Short web captions
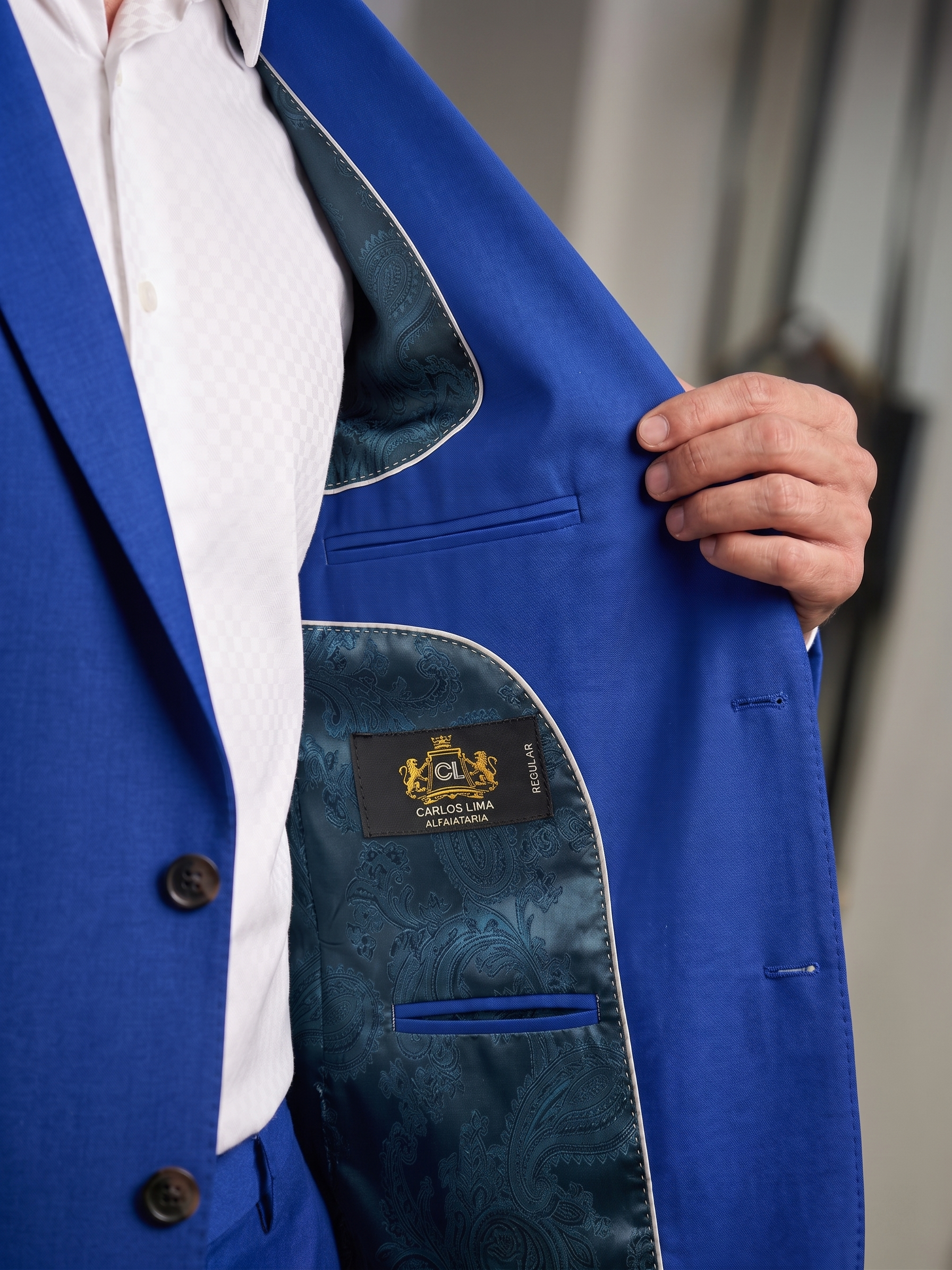 Costume Poliviscose Lapela de Bico Italiano Azul Bic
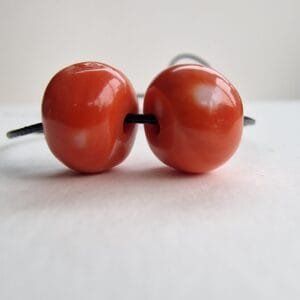 Tibetan Coral beads | Rare Barrel Red Coral Beads | 19th Century Amulet, Dzi Flanking Beads1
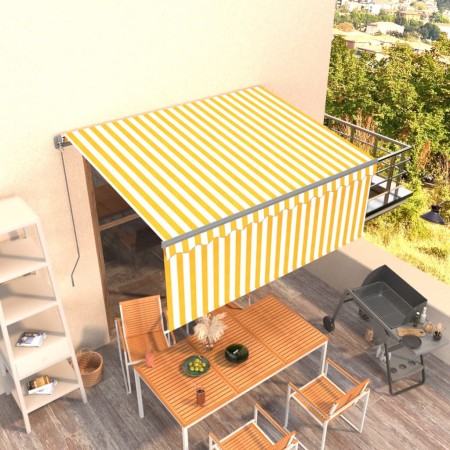 Toldo retráctil manual con persiana amarillo y blanco 3,5x2,5 m de vidaXL, Toldos - Ref: Foro24-3069398, Precio: 258,46 €, De...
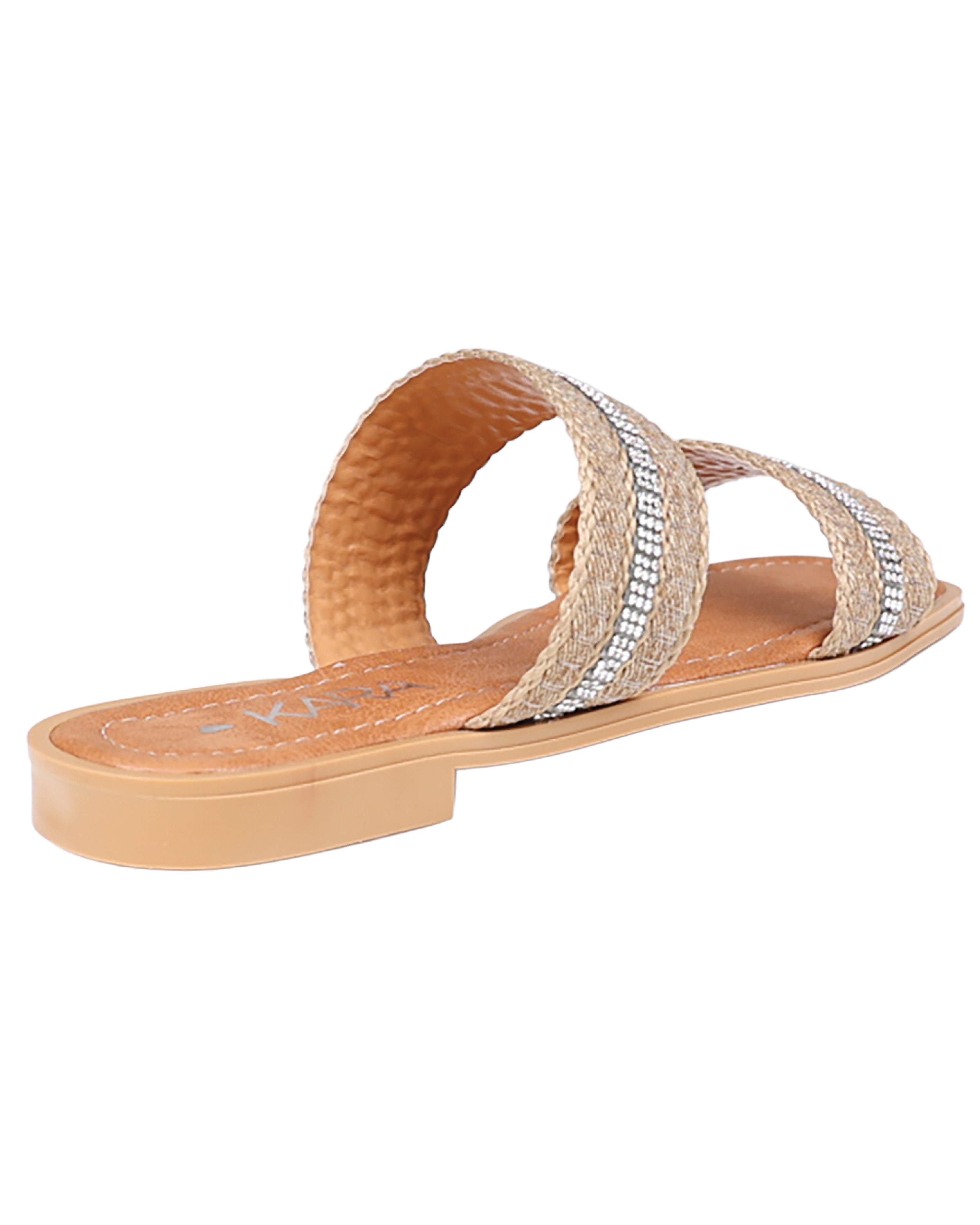 Taupe Embellished Double Band Mule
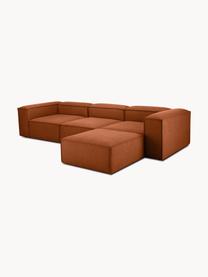 Modulaire bank Lennon (4-zits) met kruk, Bekleding: 100% polyester De slijtva, Frame: massief grenenhout, multi, Poten: kunststof Dit product is , Geweven stof terracotta, B 327 x D 207 cm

**Exercise aim**
The reply should hold the lines from the top of the records through the line containing "Taupe Embellished Double Band Mule", reproduced exactly, and no pictures.

**Solution below**
 Costume Poliviscose Lapela de Bico Italiano Azul Bic
 Tibetan Coral beads | Rare Barrel Red Coral Beads | 19th Century Amulet, Dzi Flanking Beads1
 Toldo retráctil manual con persiana amarillo y blanco 3,5x2,5 m de vidaXL, Toldos - Ref: Foro24-3069398, Precio: 258,46 €, De...
 Taupe Embellished Double Band Mule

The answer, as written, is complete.